▸ **What is being asked**
If a line in the entries contains the string "Silver", include that line in your answer.

====== Given data ======

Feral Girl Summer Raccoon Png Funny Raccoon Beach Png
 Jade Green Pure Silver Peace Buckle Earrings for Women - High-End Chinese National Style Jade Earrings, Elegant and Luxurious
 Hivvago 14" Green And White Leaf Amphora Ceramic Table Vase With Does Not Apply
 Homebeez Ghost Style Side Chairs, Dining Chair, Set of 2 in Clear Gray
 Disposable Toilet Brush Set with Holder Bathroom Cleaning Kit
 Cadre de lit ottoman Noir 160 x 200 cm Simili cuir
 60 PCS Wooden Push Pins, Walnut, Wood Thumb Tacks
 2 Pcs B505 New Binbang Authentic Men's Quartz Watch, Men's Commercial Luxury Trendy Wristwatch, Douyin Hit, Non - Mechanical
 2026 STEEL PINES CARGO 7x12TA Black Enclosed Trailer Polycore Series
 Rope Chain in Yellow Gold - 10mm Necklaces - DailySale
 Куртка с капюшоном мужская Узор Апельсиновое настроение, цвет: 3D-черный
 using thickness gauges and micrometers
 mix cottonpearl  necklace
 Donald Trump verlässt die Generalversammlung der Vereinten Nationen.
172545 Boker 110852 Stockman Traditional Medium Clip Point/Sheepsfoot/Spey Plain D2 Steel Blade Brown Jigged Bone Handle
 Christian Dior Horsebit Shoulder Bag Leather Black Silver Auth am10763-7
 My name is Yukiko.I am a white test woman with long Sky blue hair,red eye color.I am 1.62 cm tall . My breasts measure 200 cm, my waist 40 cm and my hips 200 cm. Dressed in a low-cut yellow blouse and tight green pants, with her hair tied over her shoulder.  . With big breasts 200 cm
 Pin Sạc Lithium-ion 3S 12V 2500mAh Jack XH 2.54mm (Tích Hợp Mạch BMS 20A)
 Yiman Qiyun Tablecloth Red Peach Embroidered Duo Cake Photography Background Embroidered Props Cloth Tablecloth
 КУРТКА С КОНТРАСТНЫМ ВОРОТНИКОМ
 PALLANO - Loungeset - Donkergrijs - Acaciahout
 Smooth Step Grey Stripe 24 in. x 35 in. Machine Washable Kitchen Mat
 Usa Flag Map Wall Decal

======

▸ **Answer below**
 Jade Green Pure Silver Peace Buckle Earrings for Women - High-End Chinese National Style Jade Earrings, Elegant and Luxurious
 Christian Dior Horsebit Shoulder Bag Leather Black Silver Auth am10763-7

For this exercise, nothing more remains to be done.